▸ INSTRUCTIONS TO FOLLOW: Everything from the line containing "La Torre Del Mulino Hotel Tropea Kültér fotó" to the end of the records should be reproduced exactly, and nothing before it.

***

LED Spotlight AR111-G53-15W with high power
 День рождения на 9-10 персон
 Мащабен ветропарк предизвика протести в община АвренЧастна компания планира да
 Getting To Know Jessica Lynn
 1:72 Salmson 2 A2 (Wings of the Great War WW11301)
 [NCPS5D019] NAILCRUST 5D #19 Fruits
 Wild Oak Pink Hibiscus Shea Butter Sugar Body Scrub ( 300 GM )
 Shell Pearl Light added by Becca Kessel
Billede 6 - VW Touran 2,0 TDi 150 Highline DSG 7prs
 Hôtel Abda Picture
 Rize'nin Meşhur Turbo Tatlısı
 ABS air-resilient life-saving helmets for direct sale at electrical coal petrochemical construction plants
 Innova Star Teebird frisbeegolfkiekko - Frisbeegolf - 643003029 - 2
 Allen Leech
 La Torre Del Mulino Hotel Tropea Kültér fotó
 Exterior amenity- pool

***

▸ RESPONSE:
 La Torre Del Mulino Hotel Tropea Kültér fotó
 Exterior amenity- pool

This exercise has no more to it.